This disappointing development is explained and explored in the Fedora Forum found at this link:
http://www.fedoraforum.org/forum/showth ... p?t=263733
(i7xx),i8xx (Intel) chipsets are blacklisted from ever running the Shell. i915 through i945 can run the Shell, but they do have this 2048-pixels-in-either-direction hardware limitation: if the total screen size in either X or Y axis exceeds 2048 pixels, the card won't do 3D acceleration or compositing any more, and Shell won't run. If you start off below the limit then plug in a monitor that takes you over the limit, Shell will keep running because it can't detect this change, but as soon as it tries to render something strenuous, it's liable to break in interesting ways (try activating the overview or something and see what happens). If you start up with a configuration that exceeds the limit, Shell will refuse to run and you'll get fallback mode.

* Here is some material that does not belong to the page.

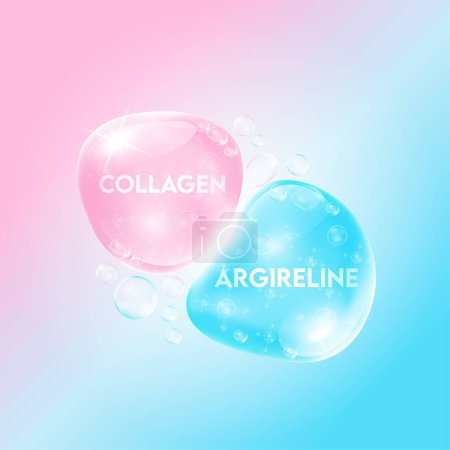 Argirelina (acetil hexapeptide-3) y colágeno rosa para el cuidado de la piel. Vitaminas complejo hidratante de la naturaleza burbuja de oxígeno. Tratamiento de belleza nutrición cuidado de la piel diseño. Conceptos médicos. Vector 3D.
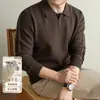 Suéter de lã com mistura antibacteriana de 10A, espessado 450g, com gola polo para homens, novo suéter de tricô jacquard de lã para outono e inverno de 2026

Chips beyond i945 don't have the 2048 pixel limit and will basically run Shell just fine whatever you throw at them.
mariusz: so, it's actually pretty simple: what 'nomodeset' effectively does, these days, is force the system to use the vesa driver instead of the intel driver. The intel and nouveau drivers have no UMS (the counterpart to KMS) code any more; if you forcibly disable KMS, then when intel or nouveau kick in, they will notice that KMS is disabled, refuse to run, and X will fall back to vesa instead.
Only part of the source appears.